Items listed in a dataset
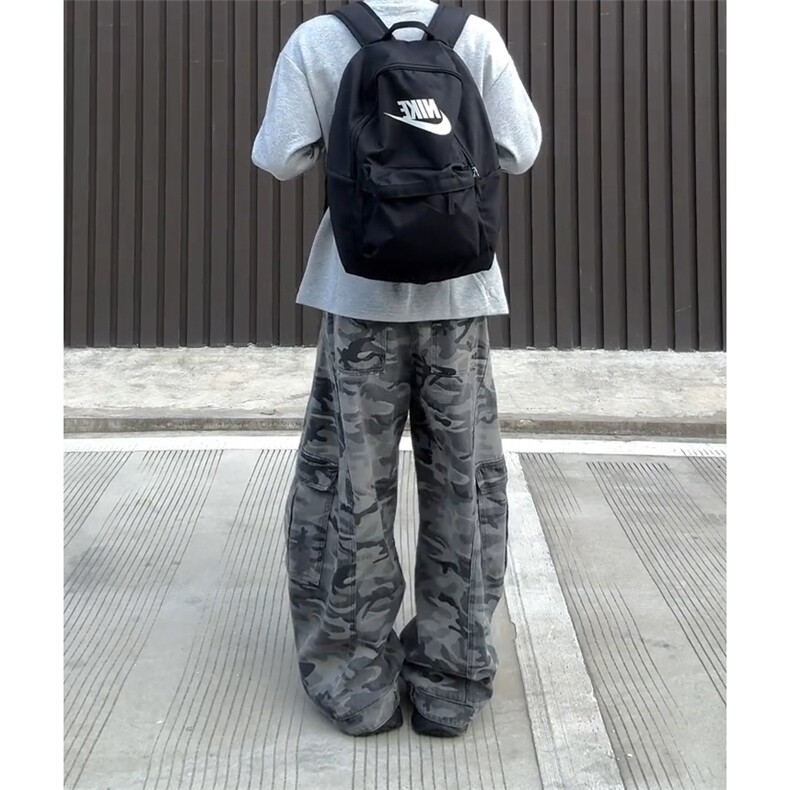 工装迷彩裤男牛仔裤长裤A43-P50,男装牛仔裤,电商D312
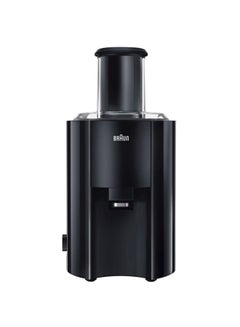 Buy Multiquick Juicer 1.25 L 800.0 W J300 Black in UAE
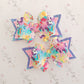 My Little Pony Bows (2 Styles)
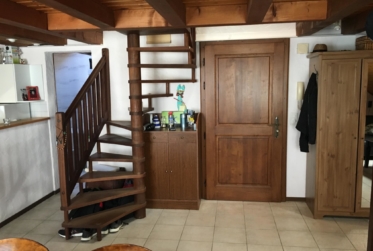 1 pièce avec mezzanine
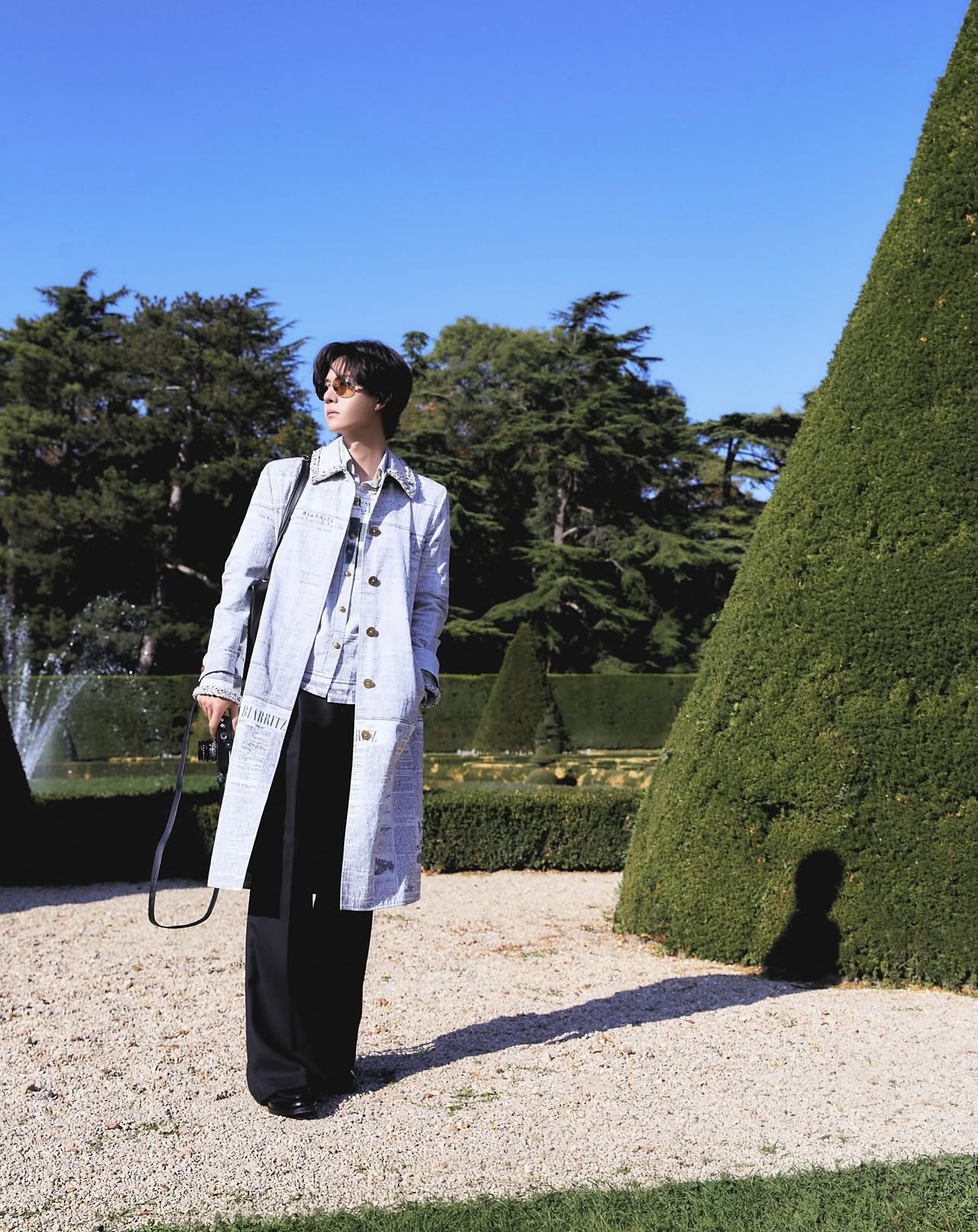 Sự vắng mặt của Jennie tại show Chanel SS27 mở ra cơ hội cho c&aacute;c ng&ocirc;i sao kh&aacute;c - Ảnh 6.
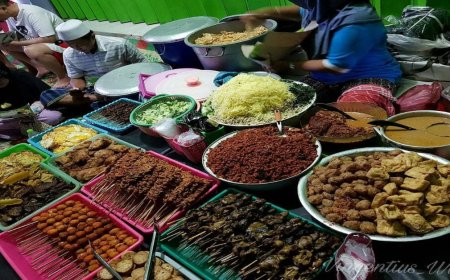Pecel Tumpang: Menelusuri Sejarah dan Kelezatan Kuliner Khas Kediri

● WORK ITEM: Your task is to reproduce the entries above word for word, from the first line through the line with "Sự vắng mặt", and please leave out any pictures.

● SOLUTION TO THE PROBLEM:
 工装迷彩裤男牛仔裤长裤A43-P50,男装牛仔裤,电商D312
 Buy Multiquick Juicer 1.25 L 800.0 W J300 Black in UAE
 My Little Pony Bows (2 Styles)
 1 pièce avec mezzanine
 Sự vắng mặt của Jennie tại show Chanel SS27 mở ra cơ hội cho c&aacute;c ng&ocirc;i sao kh&aacute;c - Ảnh 6.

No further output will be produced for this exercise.